You know the feeling. A campaign hits its lead target, the dashboard turns green, and three weeks later sales hands half of it back. Some emails bounced. The rest resolved to real people who never wanted a call. The gate did its job. That's the problem.

The gated-versus-ungated debate is exhausted, and you've sat through every round of it. So let's skip the part where someone declares the form dead. It isn't. The question worth your time is where the gate belongs, and whether yours sits on a buying signal or on a quota.

Article Summary:

Gating by default is the real failure. Decide each asset on two axes, buyer intent and funnel stage, instead of asset type or this quarter's lead target. Gate where high intent meets a late-stage asset. Open everything else and read interest from behavior.

Key takeaways

  • Most "lead quality" problems are gate-placement problems, not content problems.
  • Cybersecurity buyers research anonymously and screen hundreds of pitches a month, so a misplaced gate costs more here than almost anywhere.
  • Measure gates on accepted pipeline, not form fills, or you'll keep rewarding the wrong behavior.

The gate is rising, and that's not the good news it sounds like

The inconvenient part: gated content isn't fading. NetLine's 2025 figures put gated registrations up almost 84% since 2020, with nearly 8 million of them in a single year. Marketers are gating more, not less.

At the same time, the leads are getting worse. Median MQL-to-SQL conversion across B2B slid from 13% in 2024 to 9.8% in 2026, on Forrester and Demand Gen Report numbers. Roughly a third of leads bought from third-party vendors this year are outright fraudulent. And only 62% of people who fill out a form ever open the thing they asked for, by Vidyard's count.

Put those together and the picture is clear. We're gating more than ever, and placing those gates worse than ever. The form has become a reflex, dropped in front of content because that's how a lead gets counted, not because the visitor was anywhere close to buying.

What actually deserves a form

The old test still works: would you hand over your own work email for this? If the honest answer is no, you're collecting fake addresses and calling them pipeline. Buyers worked this out years ago. One marketer called the form a "necessary evil" and described the snarky throwaway emails people leave on the way through. You've seen them in your own CRM.
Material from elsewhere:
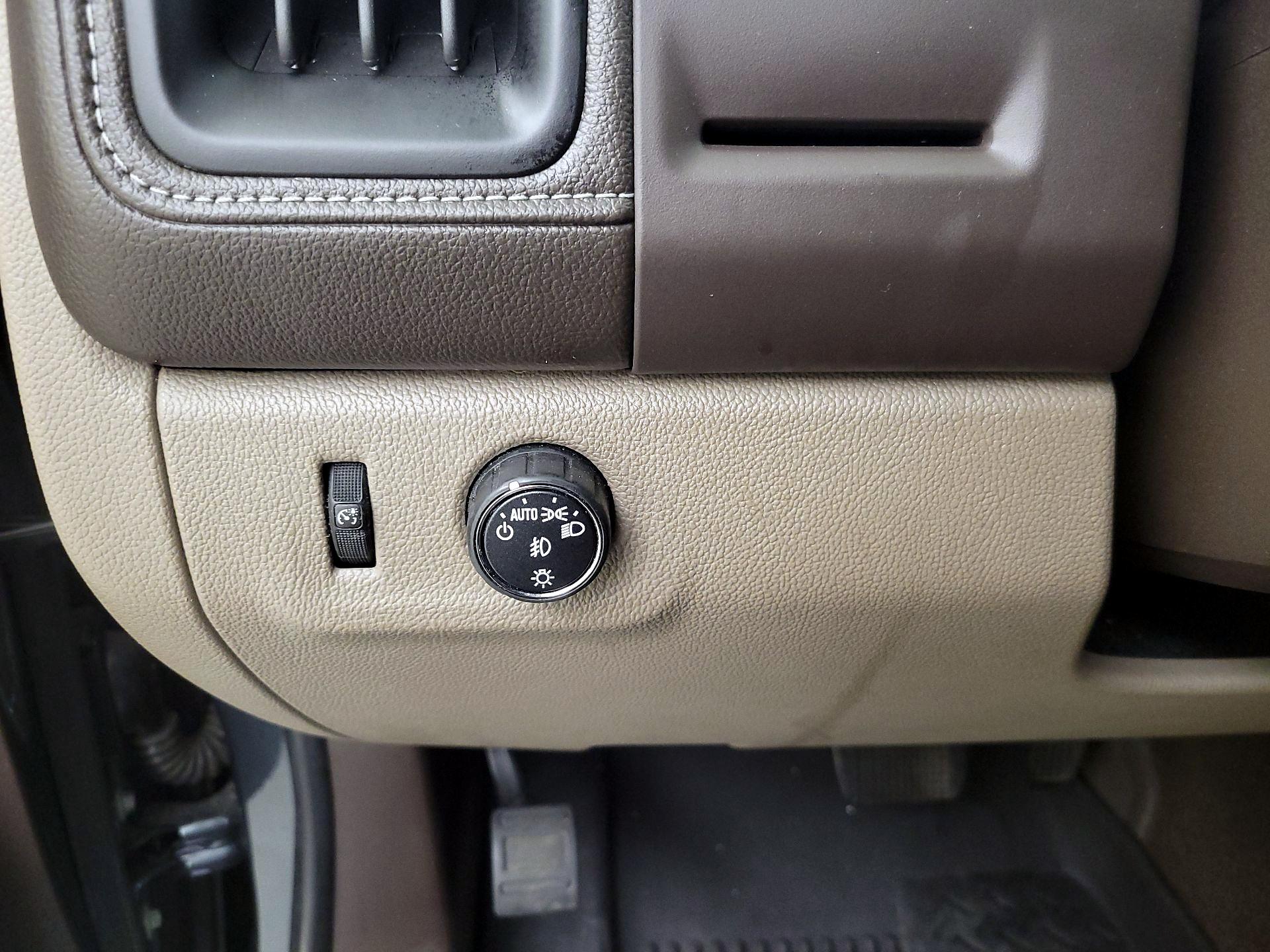 Thumbnail: 2015 GMC Canyon - 13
The email test is only half of it, though. The sharper filter is value and timing together. A form earns its place when two things are true at once: the asset gives the buyer something they can't get free elsewhere, and the buyer is far enough along to want a conversation anyway.

That second condition is where most programs fall down. A benchmark report, an ROI model, original research, a live webinar: these clear the value bar. Generic ebooks, "ultimate guides," and 101-level explainers don't, and gating them taxes the exact people most likely to share your work. David Meerman Scott has noted that ungated content gets downloaded 20 to 50 times more often than the same asset behind a form. For top-of-funnel material, that reach is the whole point.

Ungated vs gated, by use case

Strip away the theory and it comes down to what each piece is for.

Ungate anything whose job is reach or trust: blog posts, points of view, how-it-works explainers, most case studies, podcasts. This is your discovery layer, and it has a second job now. Around 89% of B2B buyers fold AI-generated answers into their research, and an AI engine can only cite what it can read. Gate that content and you go invisible to the tools your buyers reach for first.

Gate the assets a serious evaluator expects to register for: webinars, demos, deep technical reports, proprietary data, interactive tools. Here, the registration is itself a signal. When a buyer expects a gate, it confirms intent instead of repelling them. Your content syndication program belongs in this column too, and that's fine. Syndication gates high-value content aimed at people far enough along to trade an email for it. That's the model working, not breaking.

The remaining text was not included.